Assignment :: Make an exact copy, from the records below, of the lines from the line containing "Eilyn Carbajal, de" to the line containing "An exterior view", both lines included, excluding pictures.

Data in this exercise ::

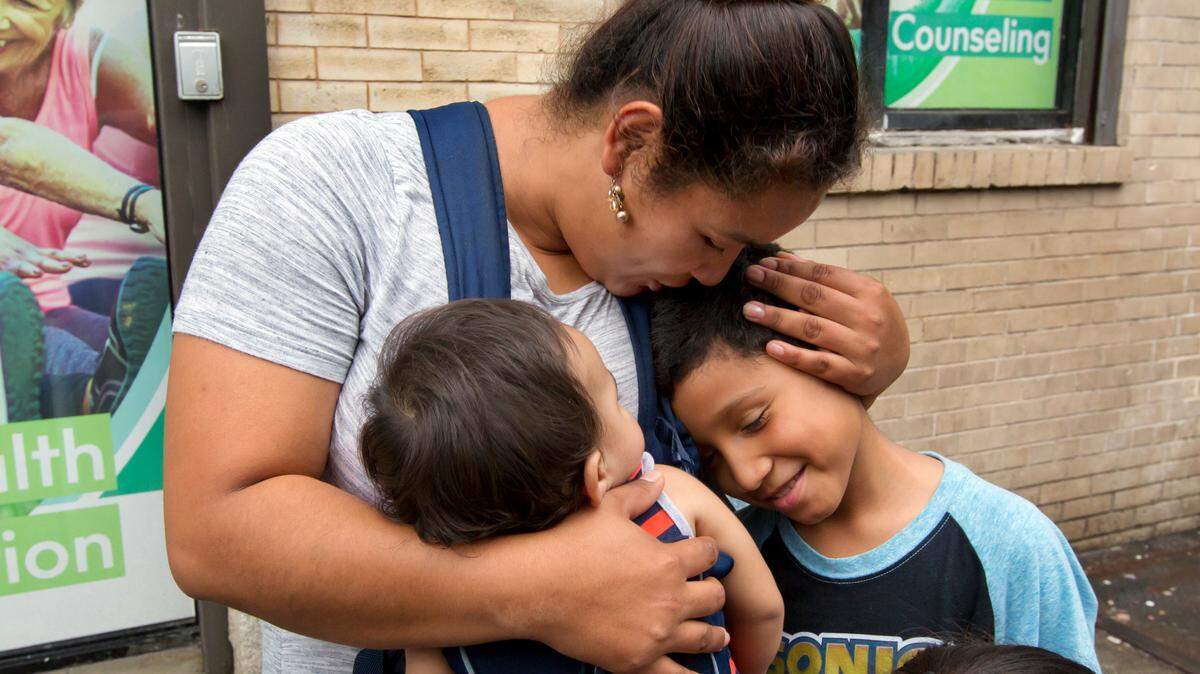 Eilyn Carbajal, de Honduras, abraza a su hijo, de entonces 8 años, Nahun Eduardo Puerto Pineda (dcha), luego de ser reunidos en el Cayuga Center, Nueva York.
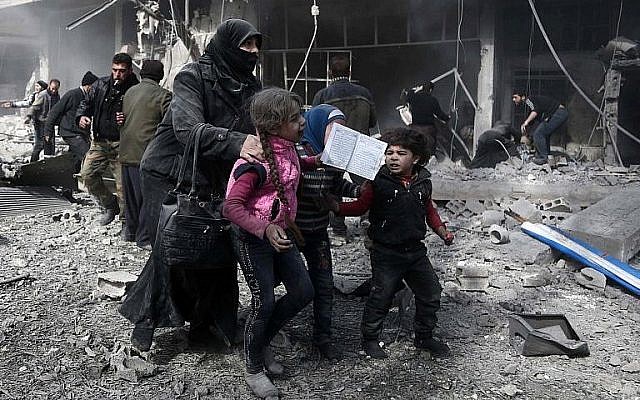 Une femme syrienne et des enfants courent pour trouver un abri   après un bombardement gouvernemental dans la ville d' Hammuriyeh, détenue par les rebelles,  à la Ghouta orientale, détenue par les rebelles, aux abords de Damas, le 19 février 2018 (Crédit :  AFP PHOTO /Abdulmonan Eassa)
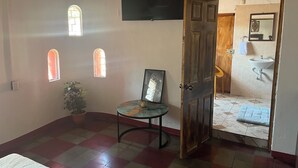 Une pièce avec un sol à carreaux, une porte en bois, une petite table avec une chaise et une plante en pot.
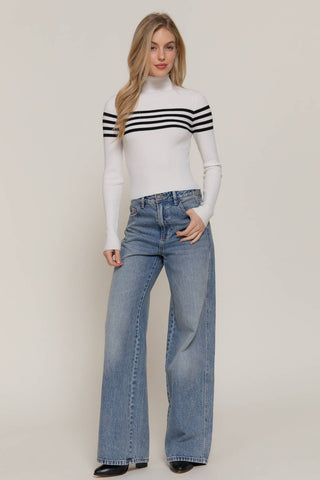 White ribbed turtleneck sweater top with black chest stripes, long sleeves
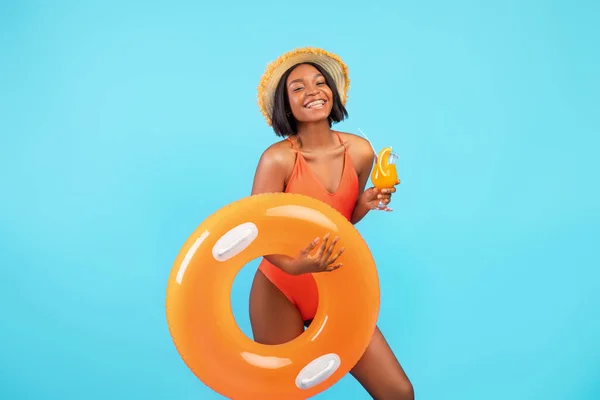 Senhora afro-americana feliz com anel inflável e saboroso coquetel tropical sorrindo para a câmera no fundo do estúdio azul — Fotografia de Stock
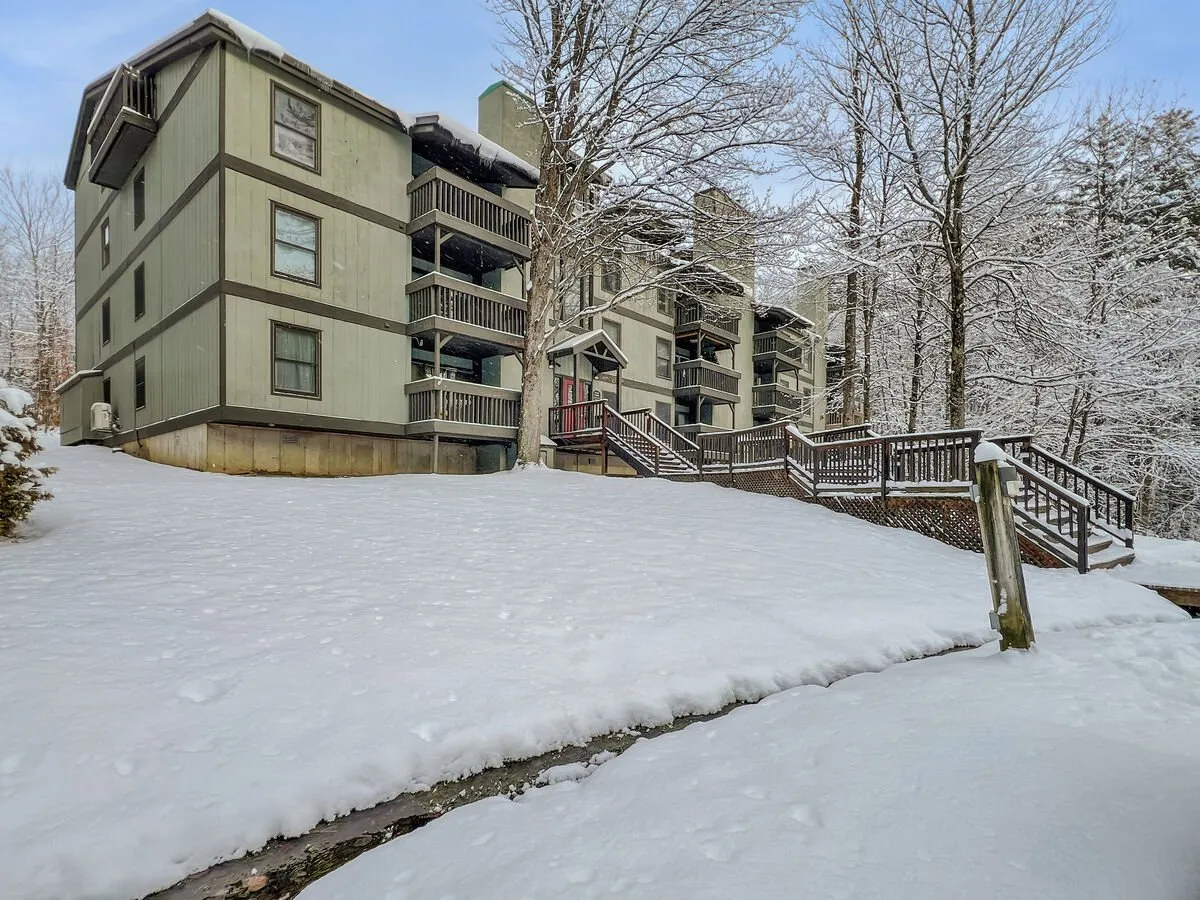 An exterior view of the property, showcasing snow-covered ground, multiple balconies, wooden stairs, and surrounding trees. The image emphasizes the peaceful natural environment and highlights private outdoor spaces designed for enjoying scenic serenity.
...
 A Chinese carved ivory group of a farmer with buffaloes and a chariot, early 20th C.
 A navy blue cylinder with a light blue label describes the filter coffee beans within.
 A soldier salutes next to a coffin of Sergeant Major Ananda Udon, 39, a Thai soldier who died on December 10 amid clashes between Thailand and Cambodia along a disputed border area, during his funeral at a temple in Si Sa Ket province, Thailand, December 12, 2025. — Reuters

Answer section ::
 Eilyn Carbajal, de Honduras, abraza a su hijo, de entonces 8 años, Nahun Eduardo Puerto Pineda (dcha), luego de ser reunidos en el Cayuga Center, Nueva York.
 Une femme syrienne et des enfants courent pour trouver un abri   après un bombardement gouvernemental dans la ville d' Hammuriyeh, détenue par les rebelles,  à la Ghouta orientale, détenue par les rebelles, aux abords de Damas, le 19 février 2018 (Crédit :  AFP PHOTO /Abdulmonan Eassa)
 Une pièce avec un sol à carreaux, une porte en bois, une petite table avec une chaise et une plante en pot.
 White ribbed turtleneck sweater top with black chest stripes, long sleeves
 Senhora afro-americana feliz com anel inflável e saboroso coquetel tropical sorrindo para a câmera no fundo do estúdio azul — Fotografia de Stock
 An exterior view of the property, showcasing snow-covered ground, multiple balconies, wooden stairs, and surrounding trees. The image emphasizes the peaceful natural environment and highlights private outdoor spaces designed for enjoying scenic serenity.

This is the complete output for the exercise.